What country has the most savers — and why?

July 20, 2023

Story after story talks about how X per cent of Canadians don’t have enough savings to pay an unexpected $2,000 bill — or how they live paycheque to paycheque.

So, fine. Maybe we don’t save as much as we’d like. But are there any nations that can make that boast? And if so, why — what’s making them save so well? Save with SPP had a look around to find out.

According to the Statista website, the Swiss are the world’s leading savers, socking away an impressive 23.1 per cent of household income as of 2020. They are followed closely by the Irish (21.6 per cent), the French (21 per cent) and the citizens of tiny Luxembourg (18.1 per cent).

Canada was 12th on this list.

Our grandfather was born in Basel, Switzerland and was a formidable saver.

Let’s focus, then on the top two, the Swiss and the French.

The Swiss, reports the BBC, are a bit unique in that they still like to use cash.

“In Switzerland, cash remains the dominant payment method.
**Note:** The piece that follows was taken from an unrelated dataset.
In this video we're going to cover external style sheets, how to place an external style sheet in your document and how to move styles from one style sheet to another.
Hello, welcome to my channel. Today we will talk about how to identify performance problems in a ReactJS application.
Here, there’s an assumption everyone carries cash, even in an increasingly digital economy. Most don’t get caught out buying a sandwich or paying for a haircut when the card payment machine is out of order,” the article notes. In fact, the broadcaster goes on, 70 per cent of Swiss financial transactions are in cash — 22 per cent are through debit cards, and just five per cent are via credit cards.
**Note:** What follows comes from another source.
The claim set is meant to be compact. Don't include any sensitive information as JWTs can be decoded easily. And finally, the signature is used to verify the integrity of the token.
The relative lack of credit card use in Switzerland is quite instructive, particularly when contrasted with the record-high levels of credit card debt here in Canada. Less debt to pay down means more money to put in savings, perhaps?

A CNBC report found that in addition to having a cultural tradition of saving, the Swiss franc is a very valuable, stable currency. The average income in Switzerland is quite high, so people spend a smaller proportion of their overall earnings on “food and accommodation” versus folks in other countries, the article adds. Inflation, though high for Switzerland, was much lower than in other European countries, the article adds.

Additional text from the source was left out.